### Records shown

**********

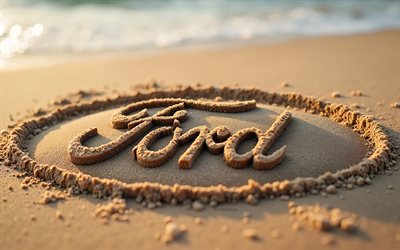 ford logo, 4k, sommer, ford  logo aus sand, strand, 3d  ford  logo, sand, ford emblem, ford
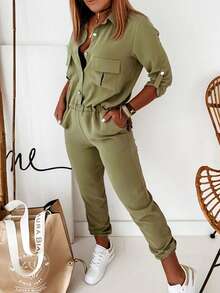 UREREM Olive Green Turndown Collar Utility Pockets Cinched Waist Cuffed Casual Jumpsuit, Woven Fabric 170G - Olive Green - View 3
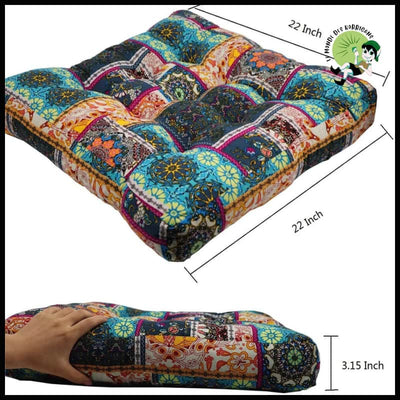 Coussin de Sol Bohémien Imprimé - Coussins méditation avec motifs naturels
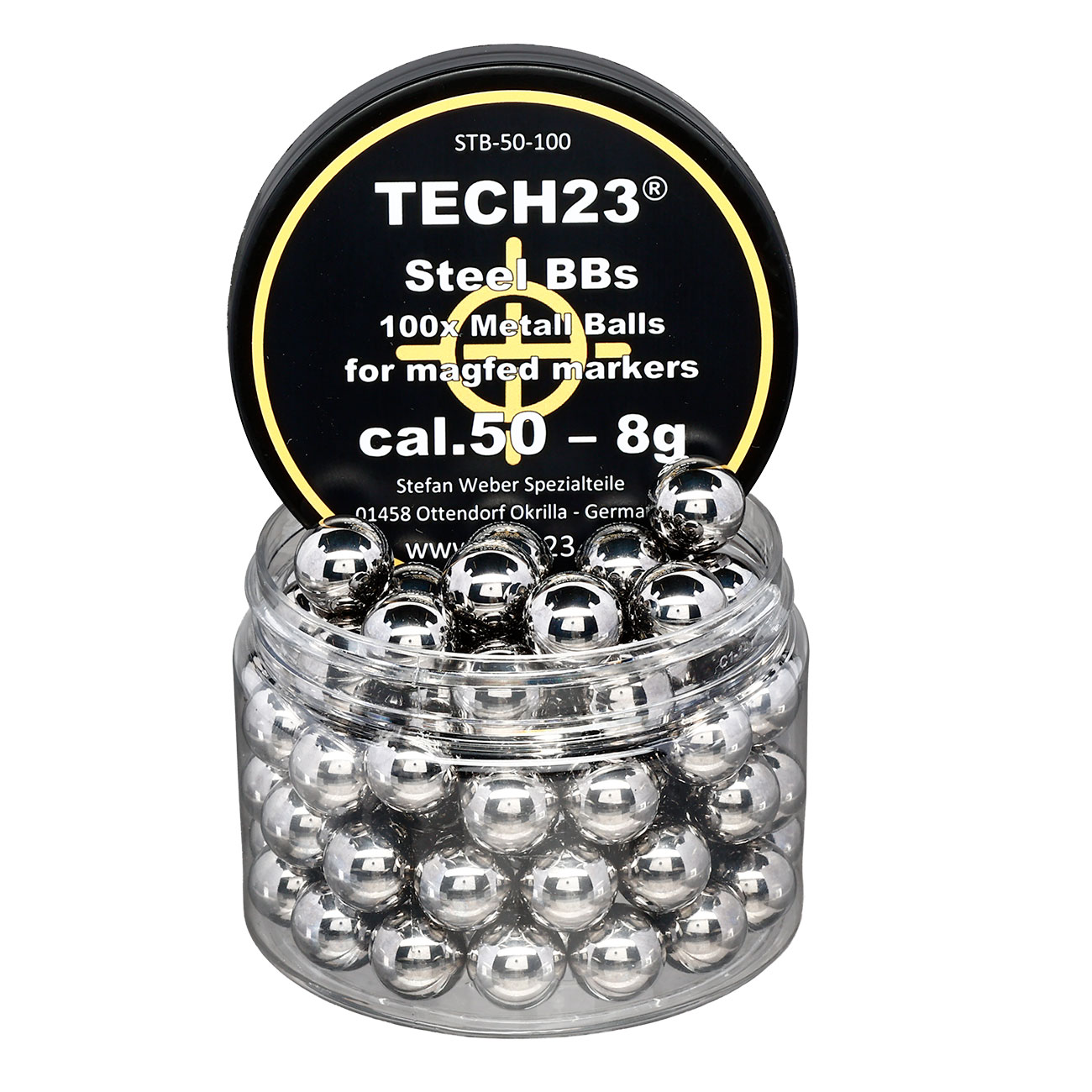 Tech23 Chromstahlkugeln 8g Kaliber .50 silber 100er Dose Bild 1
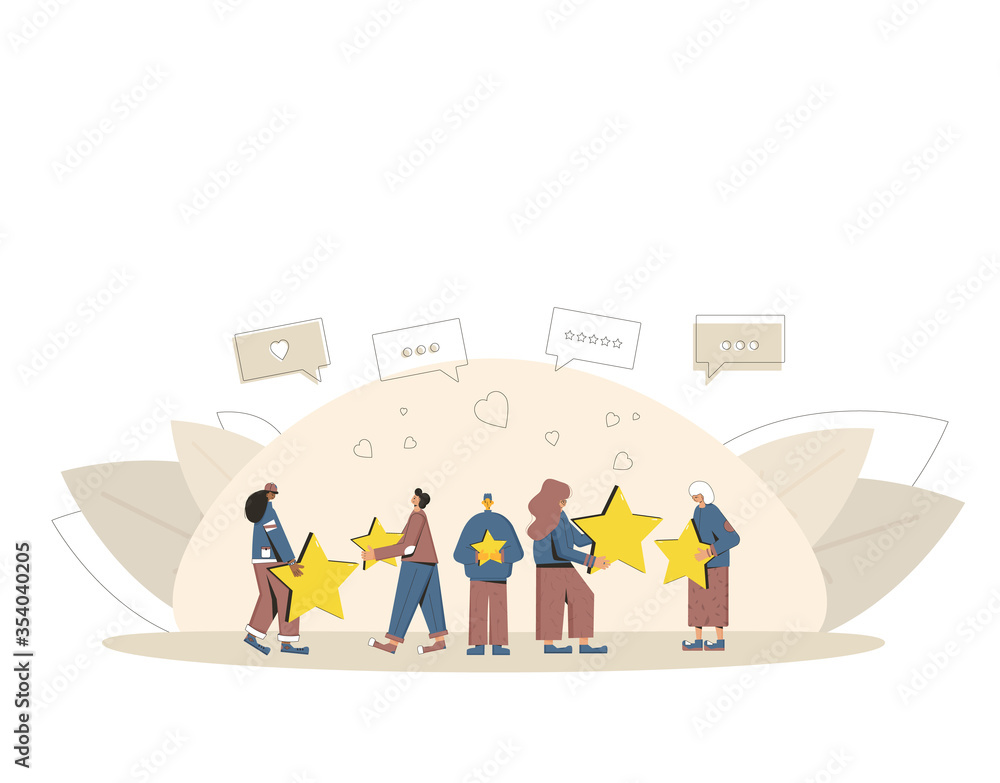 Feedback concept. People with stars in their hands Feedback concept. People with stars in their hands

**********

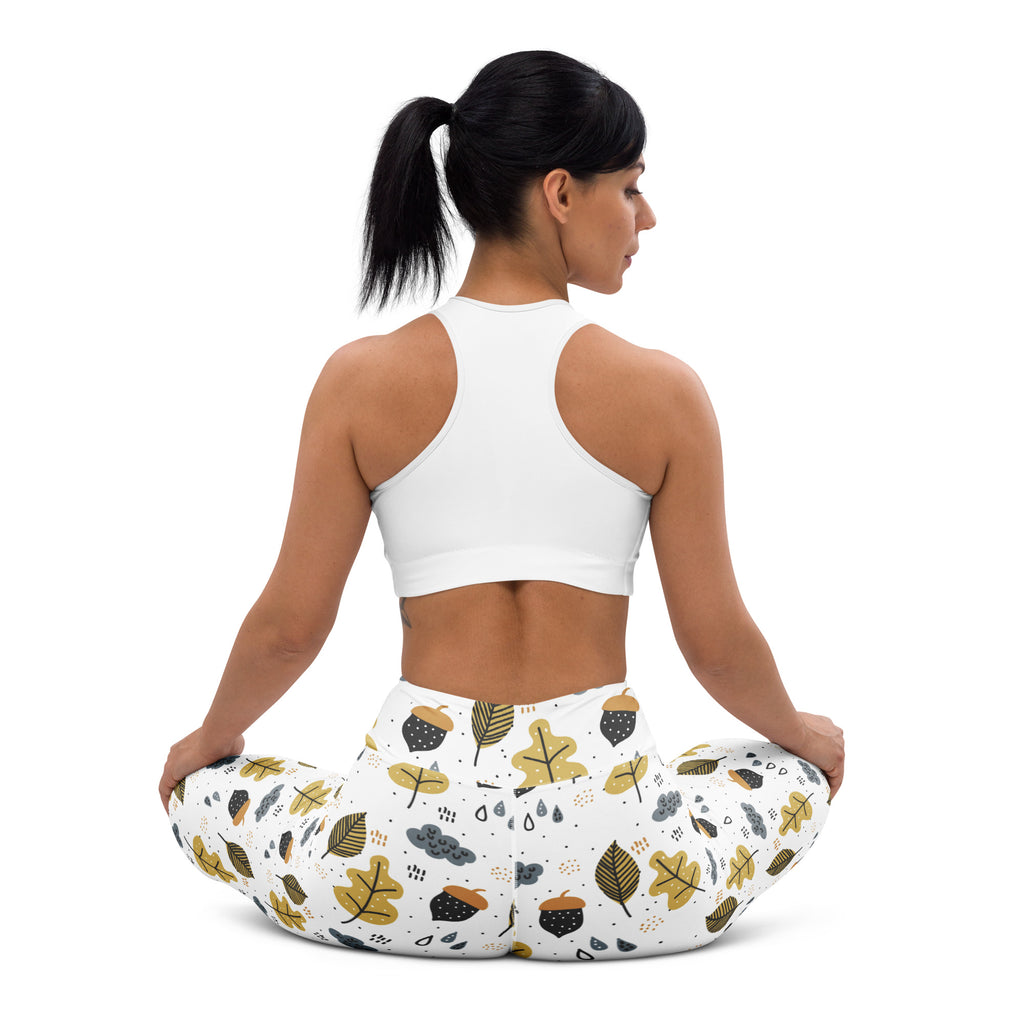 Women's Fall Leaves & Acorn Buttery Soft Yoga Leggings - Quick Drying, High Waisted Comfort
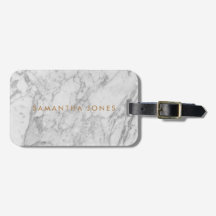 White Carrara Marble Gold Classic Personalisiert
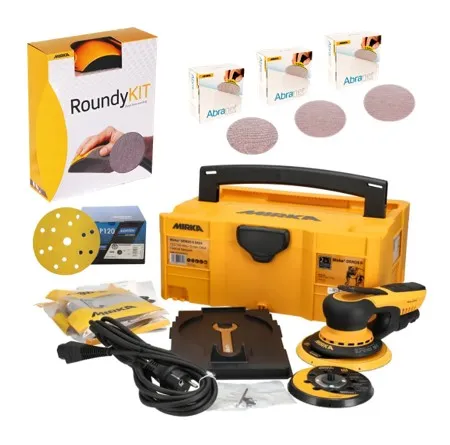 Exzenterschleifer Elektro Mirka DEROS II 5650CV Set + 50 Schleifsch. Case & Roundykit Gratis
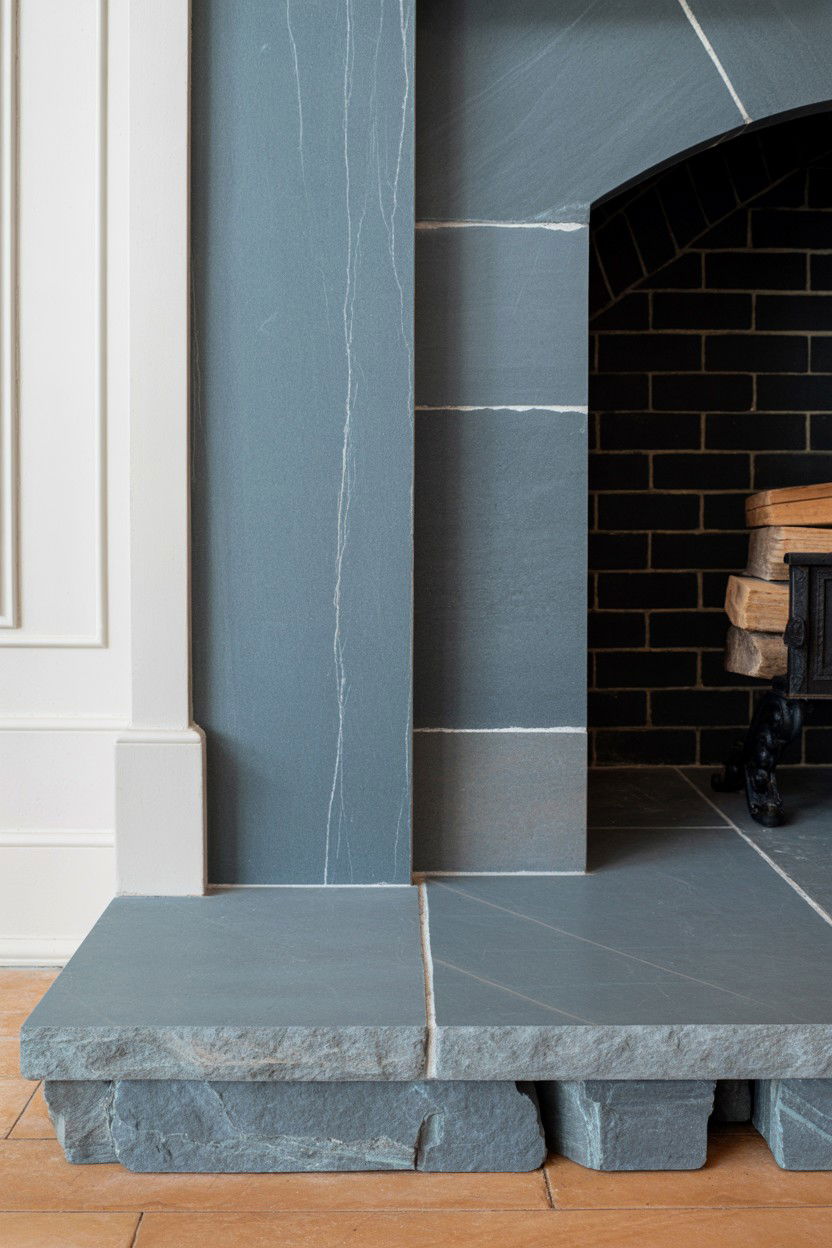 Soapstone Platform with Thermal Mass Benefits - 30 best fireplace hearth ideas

**********

From the entries above, copy exactly the lines starting at the one with "Women's Fall Leaves" and stopping at the one with "Soapstone Platform with", keeping both ends. Drop the pictures.

 Women's Fall Leaves & Acorn Buttery Soft Yoga Leggings - Quick Drying, High Waisted Comfort
 White Carrara Marble Gold Classic Personalisiert
 Exzenterschleifer Elektro Mirka DEROS II 5650CV Set + 50 Schleifsch. Case & Roundykit Gratis
 Soapstone Platform with Thermal Mass Benefits - 30 best fireplace hearth ideas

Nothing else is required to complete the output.